On 6 October 1566 the Privy Council made Preston collector-general of a tax of £12,000 Scots to be raised to entertain the ambassadors at the baptism of Prince James. Queen Mary came to Craigmillar in November after her stay at Jedburgh. Darnley visited for a night. Mary's nobles and advisors discussed a possible divorce for her.

In 1567, Preston was granted the building complex around Trinity College Church by the state, but two days later gifted it to the city, asking that the main ancillary building be used as a hospital for the poor.

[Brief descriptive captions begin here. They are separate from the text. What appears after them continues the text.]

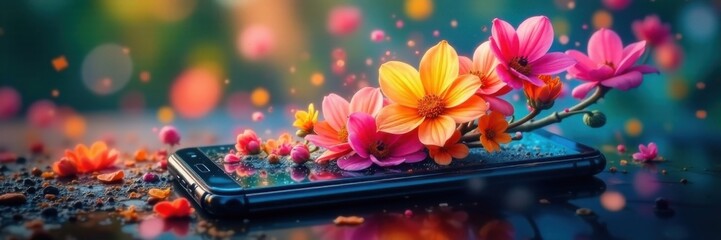 Colorful flowers spin rapidly on a smartphone display, vibrant hues dance in motion, spinning, mobile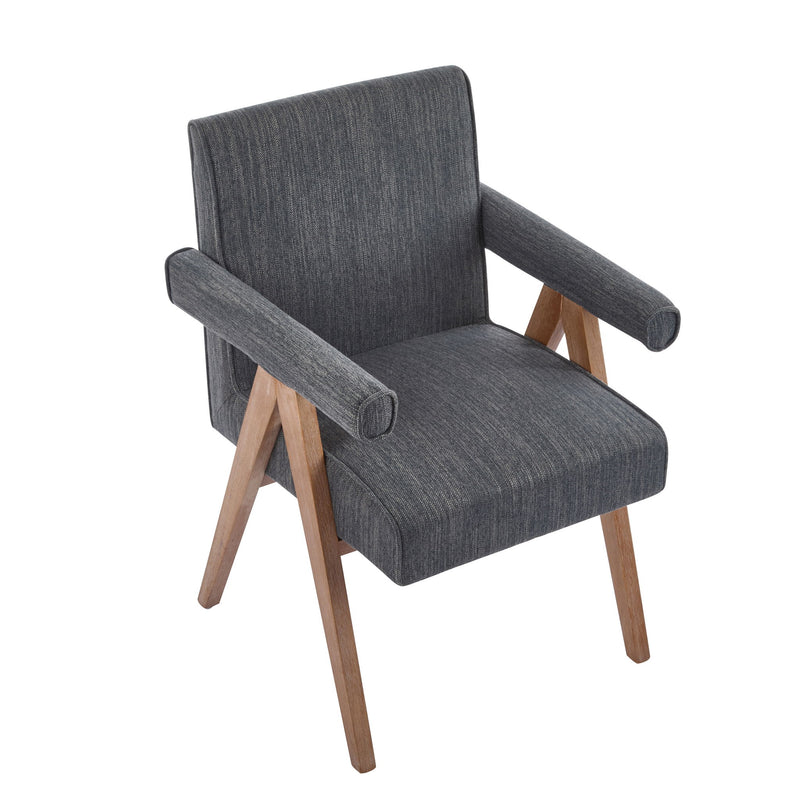 Contemporary Poppy Fabric Dining Armchair With Rubberwood Legs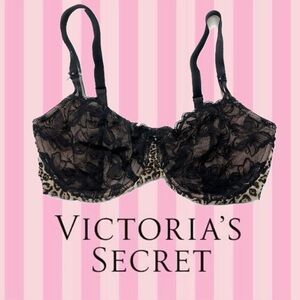 Victoria’s Secret, Very Sexy Unlined Lace Bra Leopard Print Trim 38DD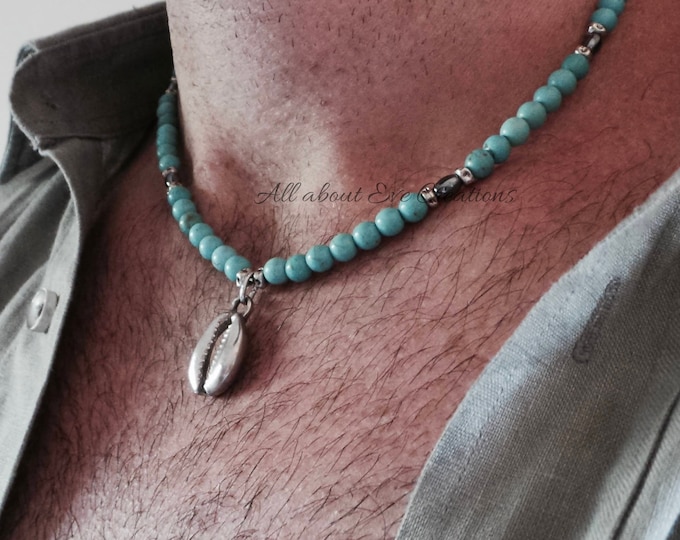 Mens turquoise beaded necklace. Mens cowrie shell necklace. Mens surfer necklace. Waterproof.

Preston's loyalty to Mary wavered before her final battle in Scotland at Langside, and on 8 May 1568 he signed a bond with William Kirkcaldy of Grange to defend James VI of Scotland and Regent Moray against her.

==Houses==
Preston had two properties in Edinburgh: one in the city; one in the country, as was the norm of the day. His country residence was Craigmillar Castle, where the garden pond shaped as his initial "P" can still be seen. His city residence (demolished to build South Bridge) was known as the Black Turnpike, and stood on the corner of Hunter Square near the Tron Kirk. Some chronicles say that Mary, Queen of Scots, was held at Preston's lodging in Edinburgh after the battle of Carberry Hill.

==Family==

He married Elizabeth Menteith, and secondly Janet Beaton. Elizabeth's son David Preston was Simon's heir.

In September 1553, Regent Arran gave Preston a ring at the christening of one his children, bought from Alexander Gilbert, an Edinburgh goldsmith.